The HT12D's D8 output pin is connected to an input pin (GPI) of the microcomputer. Since both C.H.I.P. and Beaglebone Black support 3.3V of input voltage, a voltage divider circuit was formulated with an LED and a resistor to limit the voltage at the output of the decoder, which avoids burning the microcomputer's pin.
1.3 Soldering things up
Everything should work fine on breadboard, but if soldering up is wanted, then the thermal transfer should do. You just need photograph paper to print the circuit with a laser printer, then put it on board and smash it with a hot iron. Then you put it in a solution (pickle solution? I can't really tell the name in English) for a couple of hours and voilà! That is what you will get if you follow the schematics attached to this project, which had been drawn on KiCad:
2. Head Gesture Recognition
Once the system is turned on by an adaptive switch, the camera starts capturing frames from the user's face/head and the image processing take place through computer vision techniques. The head gesture recognition task is performed by the combination of two key techniques: face detection and head pose estimation, as depicted on the flowchart below. OpenCV, an open-source computer vision library, takes care of the algorithms used on our remote control. This procedure was proposed in the paper [Real-Time Head Pose Estimation for Mobile Devices].
2.1 Face Detection
The first step for head gesture recognition is to detect a face. This is done by OpenCV's method detectMultiScale(). This method implements the Viola-Jones algorithm, published on the papers [Rapid Object Detection using a Boosted Cascade of Simple Features] and [Robust Real-Time Face Detection], that basically applies an ensemble cascade of weak classifiers over each frame in order to detect a face. If a face is successfully detected, three points that represent the location of the eyes and the nose are calculated over a 2D plan. An example of the algorithm applied to my face is show on the picture below:
Pretty face, isn't it? The algorithm also needs to detect a face for 10 consecutive frames in order to ensure reliability. If this condition is met, then the face detection routine stops and the tracking of the three points starts trying to detect a change in the pose of the head. If the Viola-Jones fails at detecting a face into a single frame, the counter is reset. You can see below a chunk of code with the main parts of our implementation.
/* reset face counter */
face_count = 0;
/* while a face is not found */
while(!is_face) {
/* get a frame from device */
camera >> frame;
/* Viola-Jones face detector (VJ) */
rosto.detectMultiScale(frame, face, 2.1, 3,
0|CV_HAAR_SCALE_IMAGE, Size(100, 100));
/* draw a green rectangle (square) around the detected face */
for(int i=0; i < face.size(); i++) {
rectangle(frame, face[i], CV_RGB(0, 255, 0), 1);
face_dim = frame(face[i]).size().height;
}
/* anthropometric initial coordinates of eyes and nose */
re_x = face[0].x + face_dim*0.3; // right eye
le_x = face[0].x + face_dim*0.7; // left eye
eye_y = face[0].y + face_dim*0.38; // height of the eyes
/* define points in a 2D plan */
ponto[0] = cvPoint(re_x, eye_y); // right eye
ponto[1] = cvPoint(le_x, eye_y); // left eye
ponto[2] = cvPoint((re_x+le_x)/2, // nose
eye_y+int((le_x-re_x)*0.45));
/* draw a red cicle (dot) around eyes and nose coordinates */
for(int i=0; i<3; i++)
circle(frame, ponto[i], 2, Scalar(10,10,255), 4, 8, 0);
/* increase frame counter if a face is found by the VJ */
/* reset frame counter otherwise
* because you need 10 *consecutive* frames */
if((int) face.size() > 0) // frame
face_count++;
else
face_count = 0;
/* if a face is detected for 10 consecutives, Viola-Jones (VJ)

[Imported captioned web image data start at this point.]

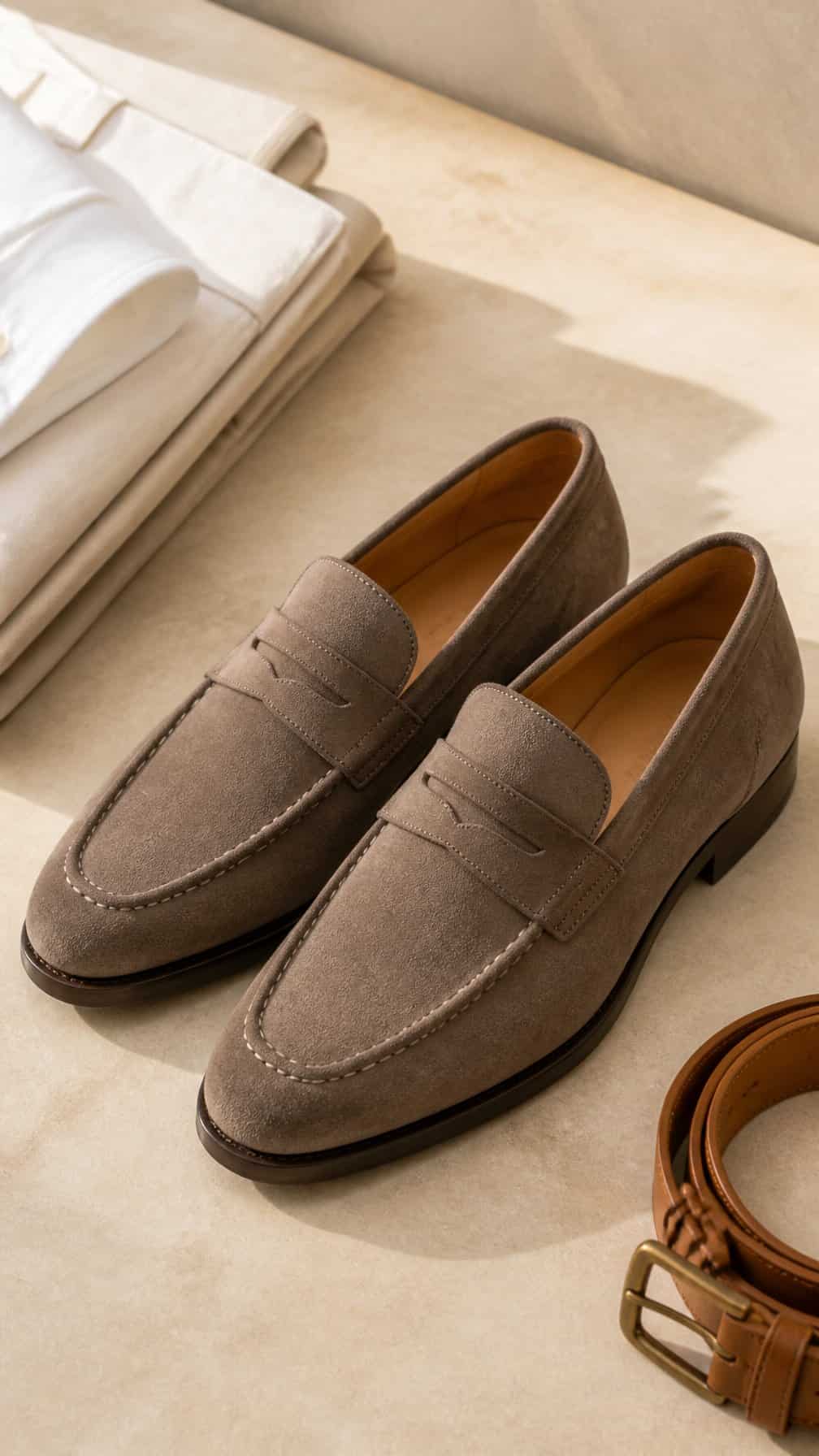 A pair of taupe suede loafers arranged on a neutral tabletop beside folded classic clothing.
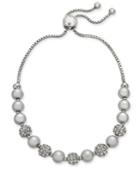 Charter Club Silver-tone Pave Ball & Imitation Pearl Slider Bracelet, Created For Macy's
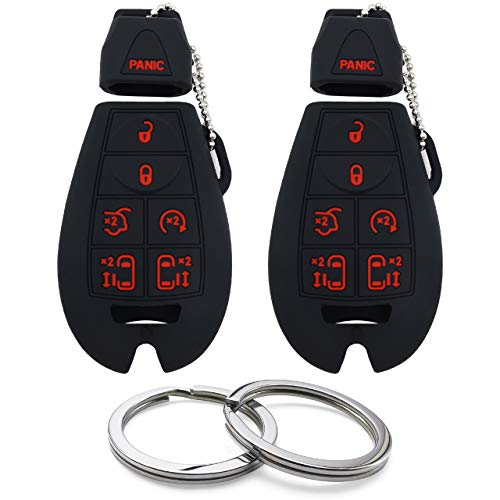 2Pcs Silicone 7 Button Key Fob Cover Remote Case Keyless Protector Compatible with Dodge Challenger Charger Durango Grand Caravan Journey Magnum Ram Jeep Commander Grand Cherokee Chrysler Town Country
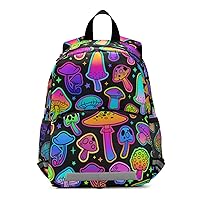 ALAZA Rainbow Mushroom Stars Kids Toddler Backpack Purse for Girls Boys Kindergarten Preschool School Bag w/Chest Clip Leash Reflective Strip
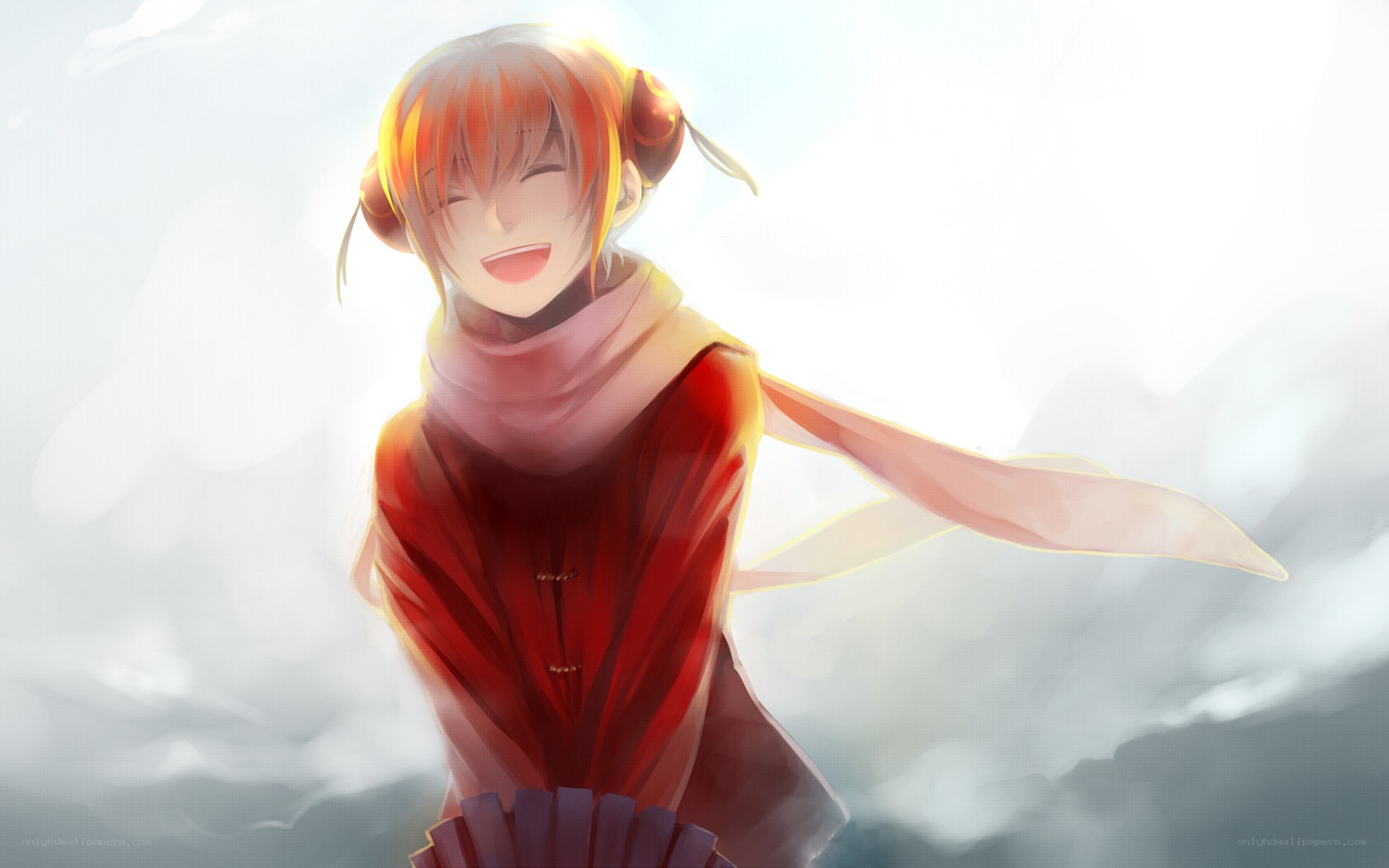 smiling anime girl in red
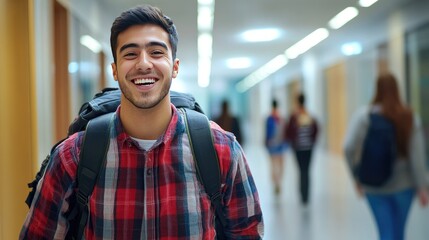Fototapeta premium Cheerful Foreign Male Student Holding Backpack in University Corridor (Warning-Themed).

* algorithm stops and the Optical Flow algorithm starts */
if(face_count >= 10) {
is_face = true; // ensure breaking Viola-Jones loop
frame.copyTo(Prev); // keep the current frame to be the 'previous frame'
cvtColor(Prev, Prev_Gray, CV_BGR2GRAY);
}
}// close while not face
Also, we provide a block diagram on how the face detection routine works in our implementation.
2.2 Head Pose Estimation
The gesture recognition is in fact achieved through the estimation of the head pose. Here, the tracking of the face points is performed by calculating the optical flow, thanks to the Lukas-Kanade algorithm implemented on the OpenCV's method calcOpticalFlowPyrLK(). This algorithm, proposed in the paper [An iterative image registration technique with an application to stereo vision], processes only two frames and basically tries to define where, in a certain neighborhood, a specific-intensity pixel will appear on a frame (treated here as the "current frame") based on the immediately previous frame.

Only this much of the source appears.